Krankmachende Bakterien der Gattung Salmonella oder Yersinia sind in der Lage, mit winzigen Schussapparaten schädigende Proteine gezielt in Wirtszellen zu injizieren - zum Leidwesen der Infizierten. Der Injektionsmechanismus dieser sogenannten Typ III-Sekretions-Systeme, kurz auch „Injektisome“, wird jedoch nicht nur im Hinblick auf die Krankheitsbekämpfung erforscht. Wären Bau und Funktion des Injektisoms genau bekannt, könnte man es kapern, um gezielt bestimmte Wirkstoffe in Zellen – zum Beispiel Krebszellen – einzuschleusen. Tatsächlich konnte die Struktur der Injektisome mittlerweile aufgeklärt werden. Unklar blieb jedoch bislang, wie die Bakterien ihre Spritzen beladen, damit die richtigen Proteine zum richtigen Zeitpunkt injiziert werden.

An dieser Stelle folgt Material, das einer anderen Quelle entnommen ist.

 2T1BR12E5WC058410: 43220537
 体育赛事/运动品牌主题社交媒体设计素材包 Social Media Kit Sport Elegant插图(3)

Einem Forschungsteam unter der Leitung von Dr. Andreas Diepold vom Max Planck-Institut in Marburg und Prof. Dr. Ulrike Endesfelder vom Institut für Mikrobiologie und Biotechnologie der Universität Bonn ist es nun gelungen, Antworten auf diese Frage zu finden: Mobile Bestandteile des Injektisoms durchkämmen die Bakterienzelle auf der Suche nach den Proteinen, die injiziert werden sollen, sogenannten Effektoren. Treffen sie auf einen Effektor, liefern sie diesen wie ein Shuttle-Bus an der Pforte der Injektionsnadel ab. „Wie Proteine der Sortierplattform im Zytosol an Effektoren binden und die Ladung zum Export-Gate des membrangebundenen Injektisoms liefern, erinnert an die Abläufe an einem Fracht-Terminal“, erklärt Dr. Stephan Wimmi, Postdoktorand in Andreas Diepolds Labor und einer der Erstautoren der Studie. „Wir denken, dass dieser Shuttle-Mechanismus dazu beiträgt, die Injektion effizient und spezifisch zugleich zu machen – schließlich müssen die Bakterien schnell die korrekten Proteine injizieren, um nicht beispielsweise vom Immunsystem erkannt und eliminiert zu werden.“
Für diesen Einblick in den wichtigen Lademechanismus des Injektisoms mussten die Forschenden neue Techniken anwenden. „Herkömmliche Methoden, mit denen man normalerweise nachweist, dass Proteine einander binden, haben für diese Frage nicht funktioniert – möglicherweise, weil die Effektoren nur kurz gebunden und dann direkt injiziert werden“, erklärt Andreas Diepold, Forschungsgruppenleiter am Max-Planck-Institut. „Deshalb mussten wir diese Bindung vor Ort und Stelle in den lebenden Bakterien untersuchen.“
„Zur Analyse der Interaktionen nutzten wir zwei neuartige Ansätze, die in lebenden Zellen funktionieren, proximity labeling und single particle tracking“, fügt Ulrike Endesfelder hinzu, die auch Mitglied in den Transdisziplinären Forschungsbereichen „Modeling“ und „Life and Health“ der Universität Bonn ist. Ihre Forschungsgruppe arbeitete von drei Orten aus an dem Projekt: in Marburg, der Carnegie Mellon University in Pittsburgh und in Bonn. „Das ‚proximity labeling‘, bei dem ein Protein seine unmittelbaren Nachbarn wie mit einem Pinsel markiert, hat uns gezeigt, dass die Effektoren im Bakterium an die mobilen Injektisom-Bestandteile binden“, erklärt Endesfelder. Diese Bindung untersuchte ihr Team dann mittels „single particle tracking“, einer hochauflösenden Mikroskopiemethode. „Mit diesem Verfahren können wir einzelne Proteine verfolgen“, so Doktorand Alexander Balinovic von der Universität Bonn und ebenfalls Erstautor der Studie. „Wir markieren die Bestandteile, die wir verfolgen möchten, mit photoaktivierbaren fluoreszierenden Proteinen, so dass wir die einzelnen Teilchen in den Mikroskopieaufnahmen lokalisieren können.“ Erst diese Methoden, die das Team als „in situ biochemistry“, also biochemische Untersuchungen an Ort und Stelle, bezeichnet, erlaubten den Durchbruch, der jetzt im Fachjournal „Nature Microbiology“ publiziert wurde.